The Story of Liverpool's St. George's Quarter ~ the wonderful cultural palaces that are open to the public around William Brown Street and St George's Hall in particular: This talk takes the form of a beautifully illustrated, virtual guided tour around the very special buildings of the Quarter, and of St John's Memorial Gardens, including The World Museum; Central Library; and the Walker Art Gallery. The tour ends with a full tour of St George's Hall, after which the Quarter is named.
St George's Hall is the focal point of this part of the City Centre of Liverpool. This, and the other buildings that surround it, have been described as being ‘The best example of Neo-classical architecture in Europe’. These stunning buildings represent the artistic, cultural life, and aspirations of Liverpool: This entire area is truly the ‘Heart of Art’ in Liverpool.
In this talk Ken gives you a virtual tour through all the wonderful buildings of what has now been named ‘The St George’s Quarter’, and tells their fascinating history. Learn about each of the wonderful places, especially the Hall, and the roles that they perform today in Liverpool's modern life. He will also introduce you to the Hall's The ‘Father Willis’ organ, and its ‘scandalous’ panels, as well as the four great lions and the cenotaph on St George's Plateau.

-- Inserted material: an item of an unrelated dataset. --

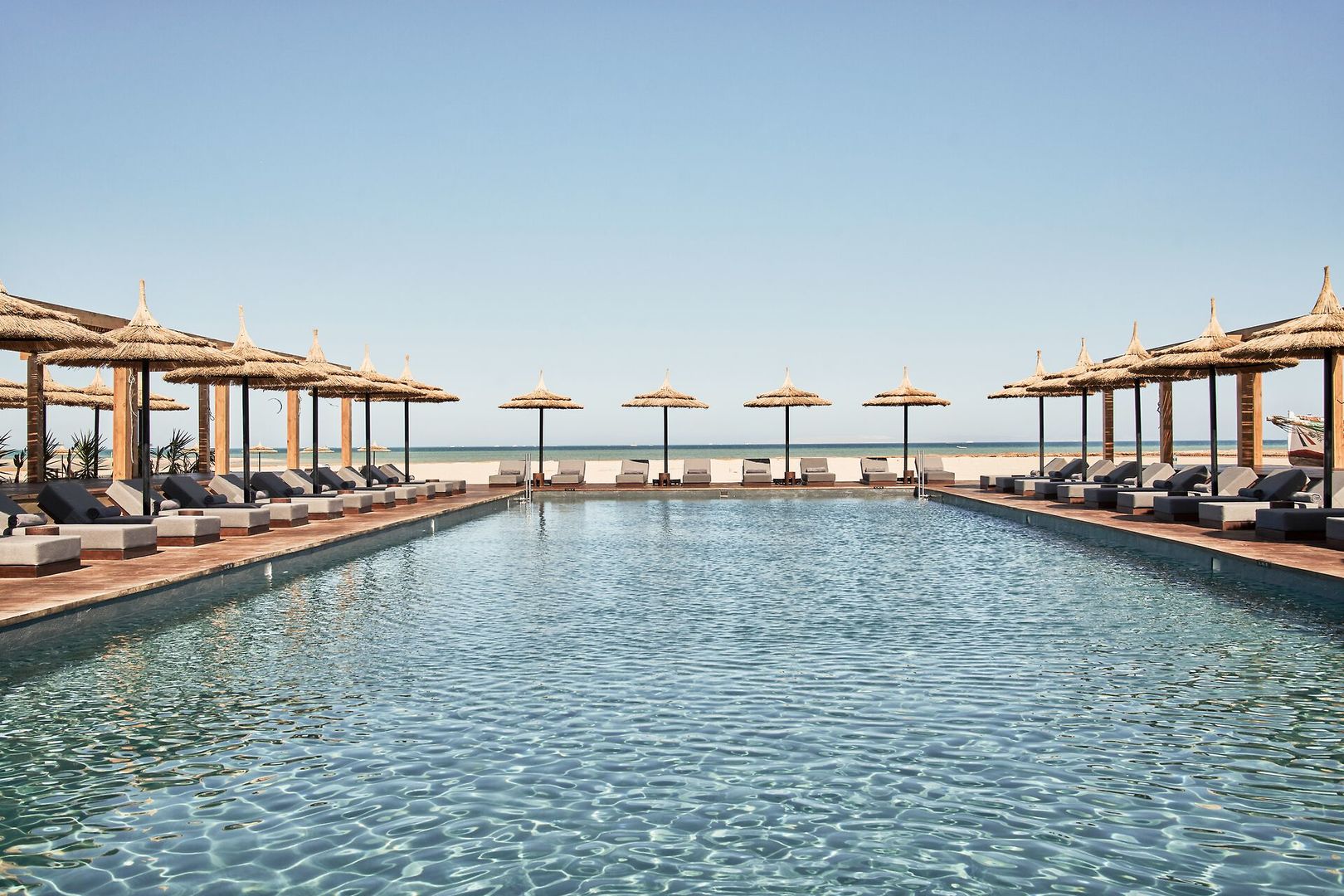 Casa Cook El Gouna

Learn also, about the Steble Fountain and about young William Masters, who became Gordon Stretton a world-renowned Jazz musician, and whose life began in the slums of Liverpool. Discover the tunnel that leads to the spiral staircase up to the Wellington Column. Hear about the haunted, underground, 'lost street', of Lime Street, and about Indiana Jones, Hitler, Batman, and the Peaky Blinders who, amongst many others, came to St George's Plateau.
As an added bonus, Ken will guide you through 'The Boneyard', the curiopus nickname for the beautiful St John’s memorial gardens that stand behind the Hall, at the centre of the Quarter. Find out about the statues in the gardens and who they commemorate.
A wonderful tour around one of the 'Jewels in Liverpool's Crown'.